As far as animals go, Torah says simply says blemish or anything bad so my assumption that it means ANY blemish and it can be interpreted as more things than what is considered a blemish for a human, a priest. "Glatt kosher" of the Rabbinic Judaism pay have a point in terms of slaughters and what Priest can eat. And since we have an x-ray (and other) technology perhaps the animal blemish can also be internal rather than only external as in cases of the priest. However, it is debatable.

It also raises an interesting issue of medicine. If a priest has a blemish but got, say, a leg transplant or got it cured somehow otherwise, can he approach the Tent and the Altar?

I think it is possible that only the blemishes listed are what count as a problem for priesthood, but I am unsure. Complicating things further is that some of the blemishes listed are not exactly certain in their translation (I have looked at the LXX as well and it only offered some potential insight).

I would think that blindness is one eye might qualify simply as blindness. Ulceration/mingling of the eye I think to refer to corneal ulcers, the LXX supports this as "white-speck" of the eye.  Previously I thought it might mean heterochromia but I think ulceration is likely correct now.

I don't think the Torah really speaks of mental illness in the sense of it as a blemish. Obviously it would be an issue if one could not distinguish between clean and unclean and holy and profane. I do not think priests are necessarily required to work every day, although obviously some priest(s) would need to be active at all times.

I don't really have any new thoughts regarding the internal blemish issue in animals.

Regarding having surgical repair/etc, I think it is possible that it could remove a blemish. For example, a break is no longer "in him" if the arm or leg is repaired or healed correctly, I'd think. However, I might question it some because a break will generally heal without intervention but whether it will heal to be as it was before and not crooked/etc is another issue. So I don't know. I wouldn't think it would be considered a break any more if it healed, but I wouldn't think someone who broke their arm then had the arm heal back crooked, for example, would be considered blemish free either.  Maybe that would qualify as a different blemish.

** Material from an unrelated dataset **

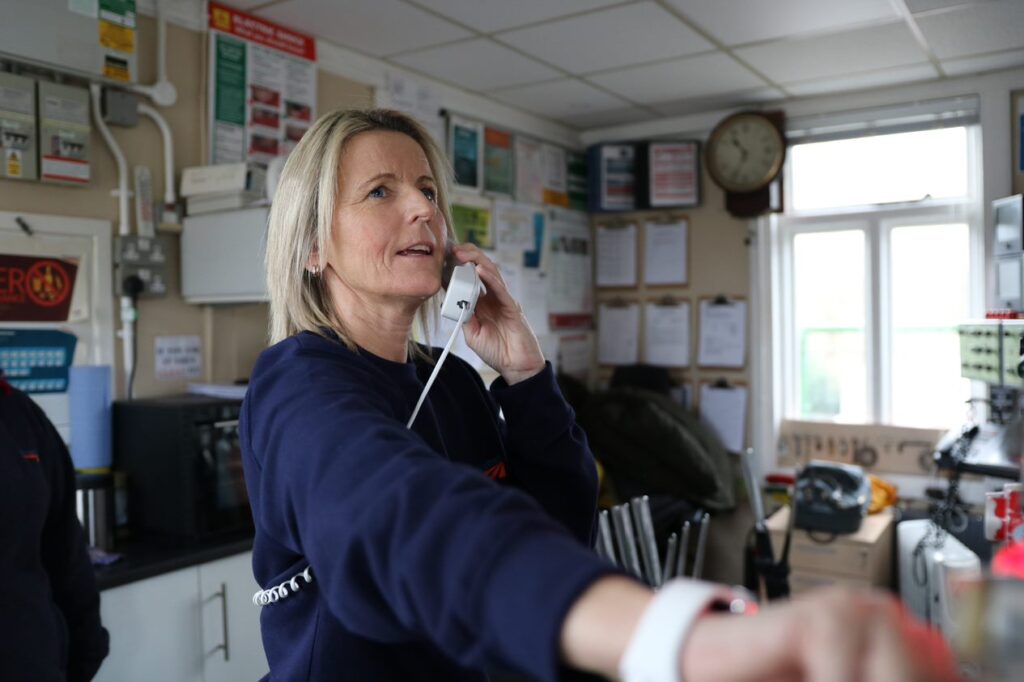 Signaller Angela Badrock on the phone in her signal box.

For example, some people do not have same cartilage structure in one ear as the other ear. Basically the top half of the ear (inside the curvature of the edge) is more or less flat rather than curved.  It can be fixed with plastic surgery, and that relates to what I mentioned as well. I don't think that this is one of the listed blemishes and maybe it's not an issue but I'm not sure. I guess it could still qualify as one of the unclear ones (sarua, charem). However I would think it also to be a non-issue visually when wearing a turban (the ear looks normal when pressed against the head).

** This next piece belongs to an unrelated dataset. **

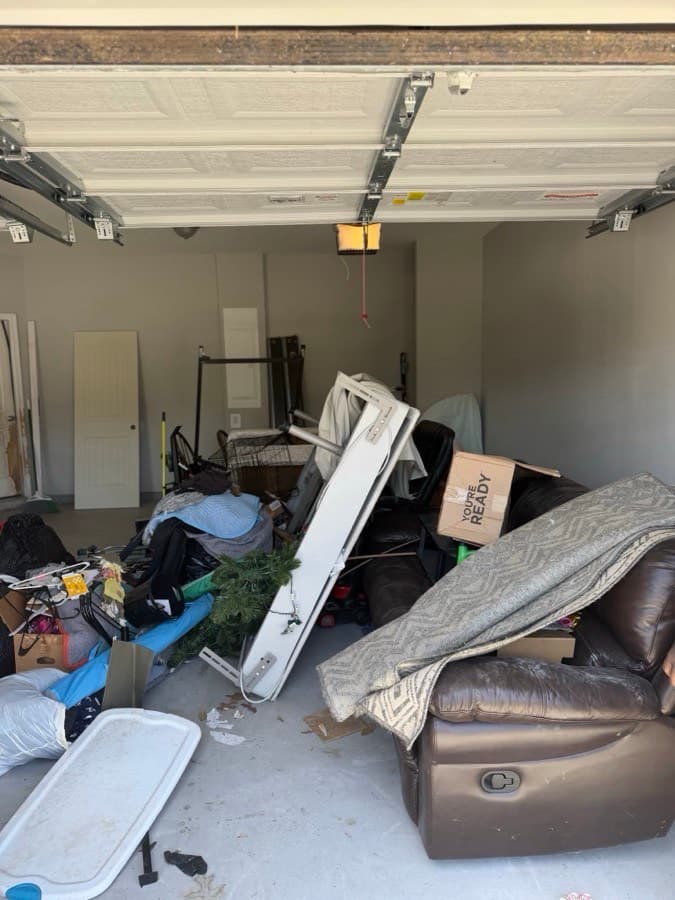 Cluttered garage full of furniture and boxes before an OnCall cleanout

Here is what I've noticed about the text... It uses the word "blemish" when giving the commandment for both humans and animals. However, in verses about animals it says "any blemish bad" or "any matter bad". So perhaps only "bad" blemishes are forbidden or perhaps it can also be read as "any blemish" so all blemishes are forbidden. Personally, I would err on the side of caution here because we are talking about priesthood and offering which are holy. In this ear case, perhaps if your hearing is not affected it would not be considered a blemish but I am not sure. 

It is not completely clear regarding whether the list includes all relevant blemishes or not. I would think that the list would contain the primary issues but then see Lev 21:21 (any man who in him blemish).

Interestingly, deafness is not actually listed and we do know the word for it (cheresh).